_What the task asks:_ Return an exact copy of the lines from the one holding "Mount Grace Priory Snowdrops" to the end of the data, including both the starting and final lines. Leave the pictures out.

::: Stored data :::

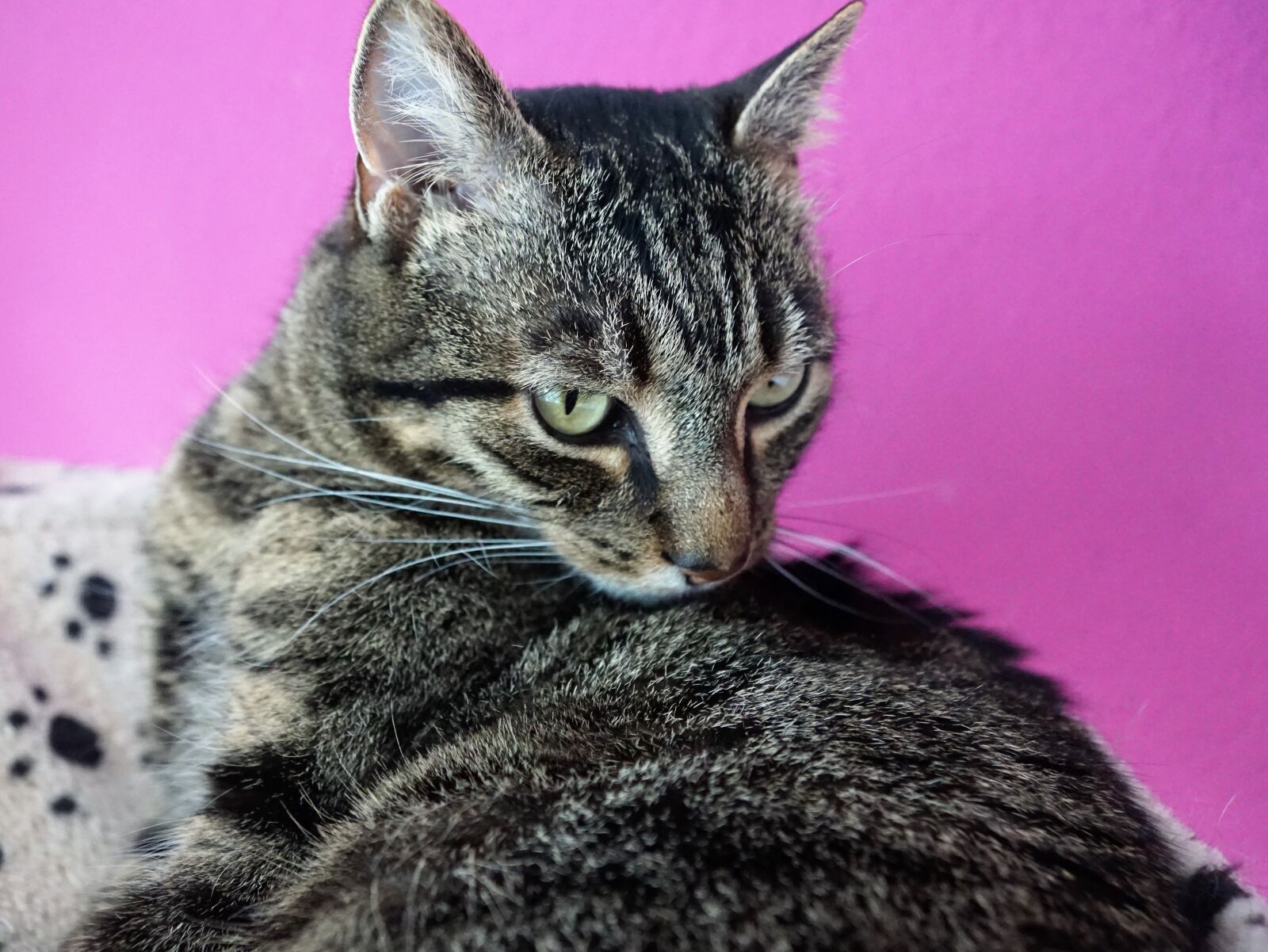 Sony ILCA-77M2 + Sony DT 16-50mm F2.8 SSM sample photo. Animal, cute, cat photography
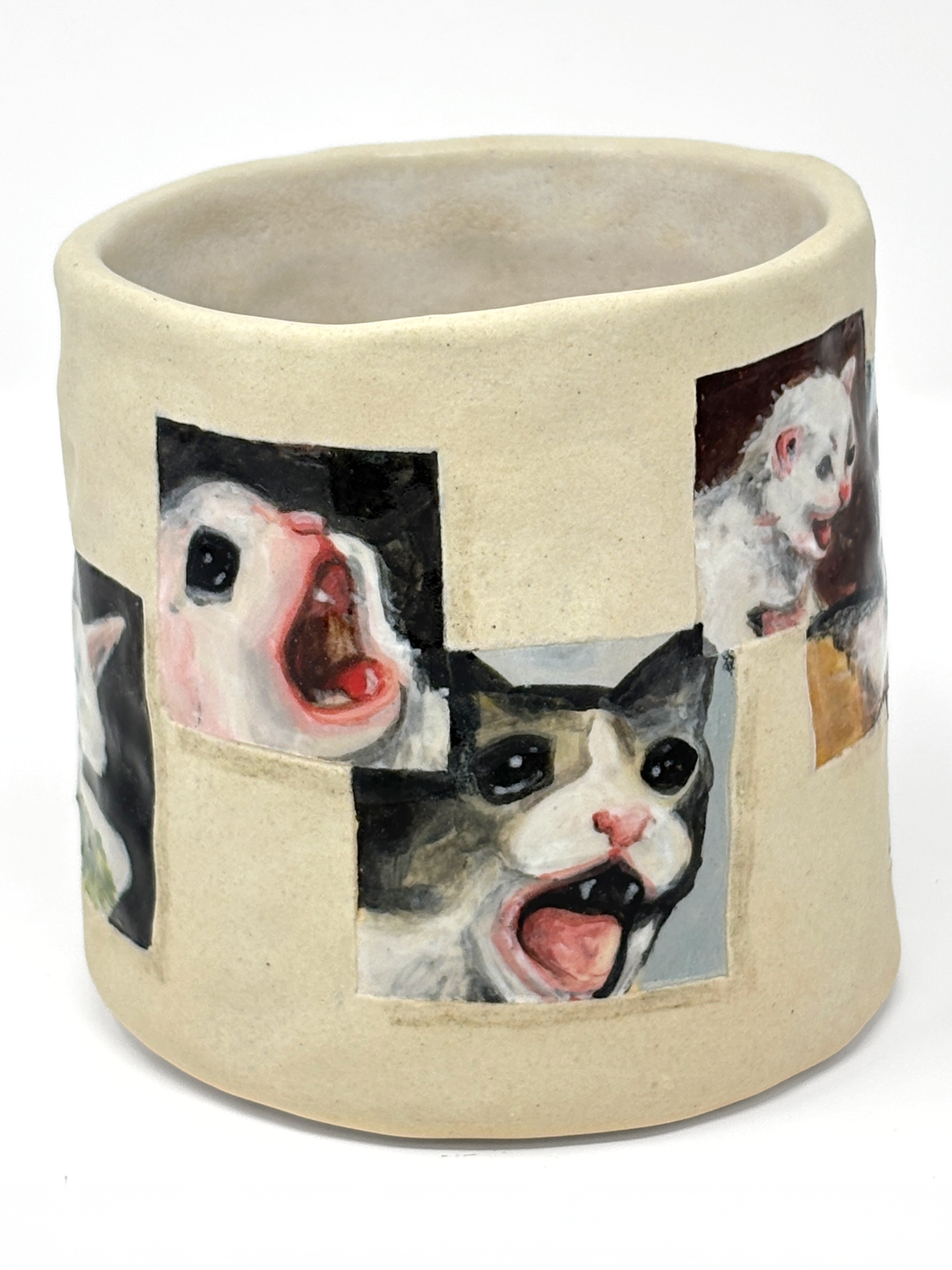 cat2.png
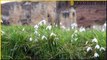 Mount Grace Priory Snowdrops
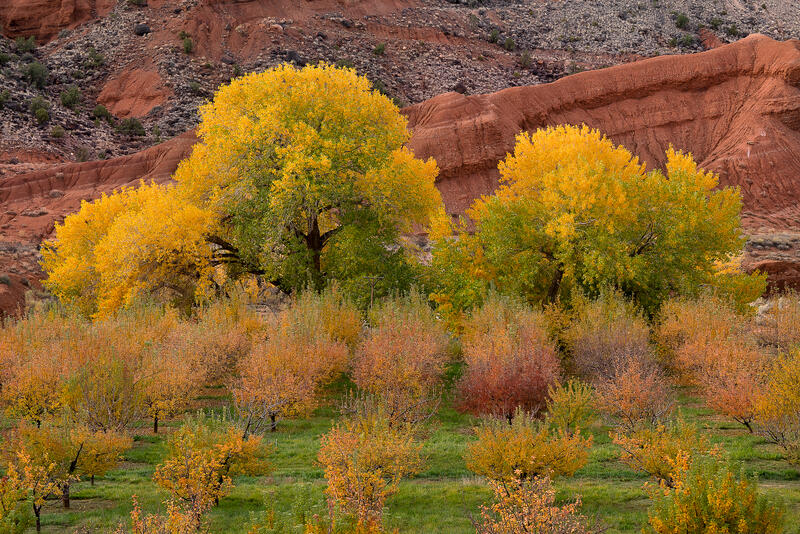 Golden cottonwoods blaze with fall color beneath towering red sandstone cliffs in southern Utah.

:::

_Answer section:_
 Mount Grace Priory Snowdrops
 Golden cottonwoods blaze with fall color beneath towering red sandstone cliffs in southern Utah.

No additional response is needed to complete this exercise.